**DIRECTIONS FOR THIS TASK**
Please give back each entry below unaltered, leaving the pictures out.

**Stored entries**
============

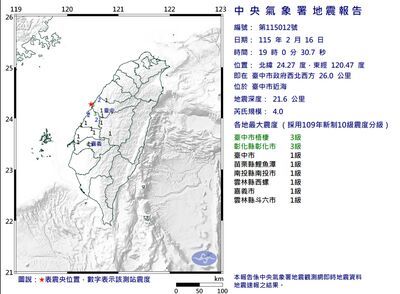 除夕夜台中近海4.0地震「相當少見」　氣象署：上次為1967年
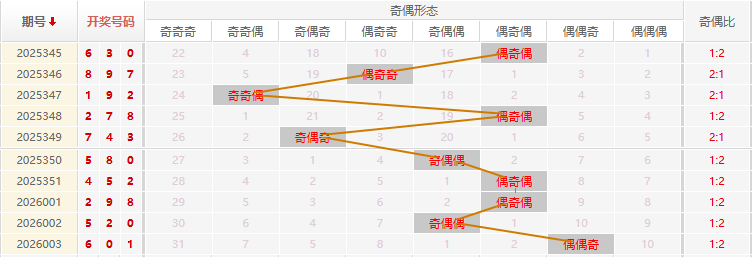 福彩3D分析走势图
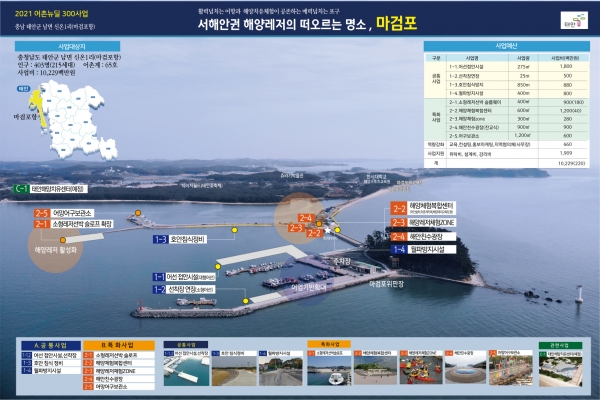 마검포항 어촌뉴딜300 사업계획도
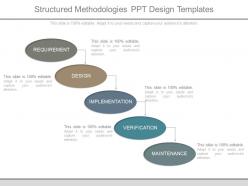 Structured methodologies ppt design templates
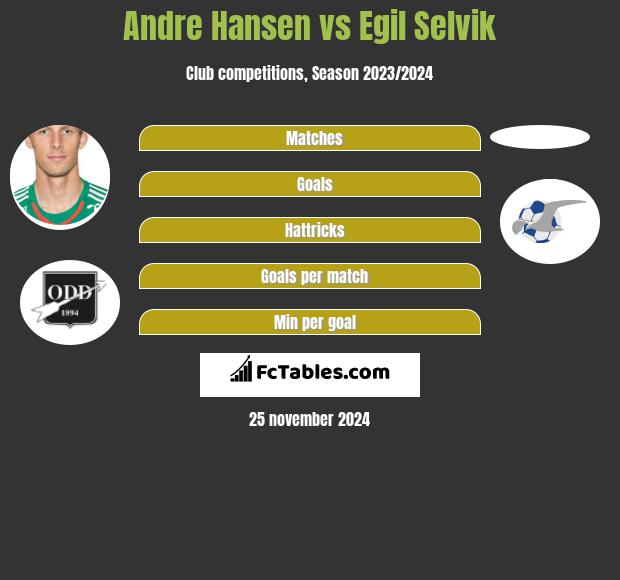 Andre Hansen vs Egil Selvik h2h player stats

============

**SOLUTION**
 除夕夜台中近海4.0地震「相當少見」　氣象署：上次為1967年
 福彩3D分析走势图
 마검포항 어촌뉴딜300 사업계획도
 Structured methodologies ppt design templates
 Andre Hansen vs Egil Selvik h2h player stats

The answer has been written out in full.